- Interactive map of Âu Cơ
- Country: Vietnam
- Regions: Northeast
- Province: Phú Thọ Province
- Established: June 16, 2025

Area
- • Total: 12.51 km^{2} (4.83 sq mi)

Population (2025)
- • Total: 18,951
- • Density: 1,515/km^{2} (3,923/sq mi)
- Time zone: UTC+07:00 (Indochina Time)

= Âu Cơ (ward) =

Âu Cơ is a ward (phường) of Phú Thọ Province, Vietnam.

== Geography ==
Âu Cơ Ward located in central Phú Thọ Province, and adjacent to:

- Đông Thành Commune to the north
- Liên Minh Commune to the south
- Chí Tiên Commune to the west
- Phú Thọ Ward, Phong Châu Ward, and Hiền Quan Commune to the east.

== History ==
On June 12, 2025, the National Assembly of Vietnam issued Resolution No. 202/2025/QH15 on the arrangement of provincial-level administrative units (effective from June 12, 2025). Accordingly, the entire land area and population of Vĩnh Phúc Province, Hòa Bình Province and Phú Thọ Province were merged to form a new province named Phú Thọ Province.

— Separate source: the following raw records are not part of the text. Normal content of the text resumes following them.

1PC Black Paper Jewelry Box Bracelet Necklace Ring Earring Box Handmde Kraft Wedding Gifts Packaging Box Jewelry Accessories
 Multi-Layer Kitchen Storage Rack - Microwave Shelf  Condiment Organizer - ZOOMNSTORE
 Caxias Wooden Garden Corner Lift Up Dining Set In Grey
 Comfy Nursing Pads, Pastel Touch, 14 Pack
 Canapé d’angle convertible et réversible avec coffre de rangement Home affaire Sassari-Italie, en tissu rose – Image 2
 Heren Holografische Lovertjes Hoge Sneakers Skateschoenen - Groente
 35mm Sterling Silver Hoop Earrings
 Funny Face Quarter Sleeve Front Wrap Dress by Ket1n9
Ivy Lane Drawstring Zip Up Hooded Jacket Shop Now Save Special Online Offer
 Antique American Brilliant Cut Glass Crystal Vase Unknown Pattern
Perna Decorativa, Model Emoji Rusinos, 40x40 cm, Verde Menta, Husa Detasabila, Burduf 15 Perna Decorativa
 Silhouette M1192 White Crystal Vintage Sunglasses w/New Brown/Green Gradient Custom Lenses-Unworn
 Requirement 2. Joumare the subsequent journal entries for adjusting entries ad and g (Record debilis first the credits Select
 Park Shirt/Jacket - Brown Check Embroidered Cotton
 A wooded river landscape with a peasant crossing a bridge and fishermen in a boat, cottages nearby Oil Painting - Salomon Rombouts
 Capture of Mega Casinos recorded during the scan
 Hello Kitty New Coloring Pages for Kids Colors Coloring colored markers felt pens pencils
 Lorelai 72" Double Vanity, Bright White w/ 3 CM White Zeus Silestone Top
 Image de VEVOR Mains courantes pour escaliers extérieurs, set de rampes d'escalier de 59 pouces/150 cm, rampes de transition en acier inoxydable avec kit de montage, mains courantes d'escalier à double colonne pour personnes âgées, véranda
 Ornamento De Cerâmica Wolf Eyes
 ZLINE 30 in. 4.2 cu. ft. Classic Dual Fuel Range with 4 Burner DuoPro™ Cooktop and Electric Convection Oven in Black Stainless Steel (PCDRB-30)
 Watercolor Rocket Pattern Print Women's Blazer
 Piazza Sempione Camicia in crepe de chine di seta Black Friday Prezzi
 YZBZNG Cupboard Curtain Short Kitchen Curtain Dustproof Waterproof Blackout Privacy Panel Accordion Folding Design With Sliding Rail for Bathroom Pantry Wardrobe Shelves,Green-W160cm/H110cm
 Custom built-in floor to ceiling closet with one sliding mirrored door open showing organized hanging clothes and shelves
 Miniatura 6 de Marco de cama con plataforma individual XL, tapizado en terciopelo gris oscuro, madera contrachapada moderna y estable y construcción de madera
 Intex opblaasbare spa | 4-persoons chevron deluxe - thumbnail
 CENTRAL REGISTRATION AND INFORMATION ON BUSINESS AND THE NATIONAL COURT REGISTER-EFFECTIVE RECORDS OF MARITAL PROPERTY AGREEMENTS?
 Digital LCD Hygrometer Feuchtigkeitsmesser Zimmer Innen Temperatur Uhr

On June 16, 2025, the Standing Committee of the National Assembly of Vietnam issued Resolution No. 1676/NQ-UBTVQH15 on the arrangement of commune-level administrative units of Phú Thọ Province in 2025 (effective from June 16, 2025). Accordingly, the entire land area and population of Thanh Vinh Ward, Âu Cơ Ward and Thanh Minh Commune were merged to form a new commune named Âu Cơ Ward.